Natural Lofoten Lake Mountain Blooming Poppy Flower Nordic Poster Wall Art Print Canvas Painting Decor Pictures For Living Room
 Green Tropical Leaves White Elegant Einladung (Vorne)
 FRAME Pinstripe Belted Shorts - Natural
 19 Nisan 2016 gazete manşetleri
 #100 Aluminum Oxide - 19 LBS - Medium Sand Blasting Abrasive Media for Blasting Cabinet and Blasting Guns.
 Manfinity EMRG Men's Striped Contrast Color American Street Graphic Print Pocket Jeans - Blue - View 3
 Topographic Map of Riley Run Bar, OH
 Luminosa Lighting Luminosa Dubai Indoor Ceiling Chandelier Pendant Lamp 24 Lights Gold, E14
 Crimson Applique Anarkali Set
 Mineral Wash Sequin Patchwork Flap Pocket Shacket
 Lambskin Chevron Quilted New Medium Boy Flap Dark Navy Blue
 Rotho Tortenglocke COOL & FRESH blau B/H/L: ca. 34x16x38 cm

==================================================

▶ TASK:
What you return must match the listing above exactly, with every line included.

▶ RESPONSE:
Natural Lofoten Lake Mountain Blooming Poppy Flower Nordic Poster Wall Art Print Canvas Painting Decor Pictures For Living Room
 Green Tropical Leaves White Elegant Einladung (Vorne)
 FRAME Pinstripe Belted Shorts - Natural
 19 Nisan 2016 gazete manşetleri
 #100 Aluminum Oxide - 19 LBS - Medium Sand Blasting Abrasive Media for Blasting Cabinet and Blasting Guns.
 Manfinity EMRG Men's Striped Contrast Color American Street Graphic Print Pocket Jeans - Blue - View 3
 Topographic Map of Riley Run Bar, OH
 Luminosa Lighting Luminosa Dubai Indoor Ceiling Chandelier Pendant Lamp 24 Lights Gold, E14
 Crimson Applique Anarkali Set
 Mineral Wash Sequin Patchwork Flap Pocket Shacket
 Lambskin Chevron Quilted New Medium Boy Flap Dark Navy Blue
 Rotho Tortenglocke COOL & FRESH blau B/H/L: ca. 34x16x38 cm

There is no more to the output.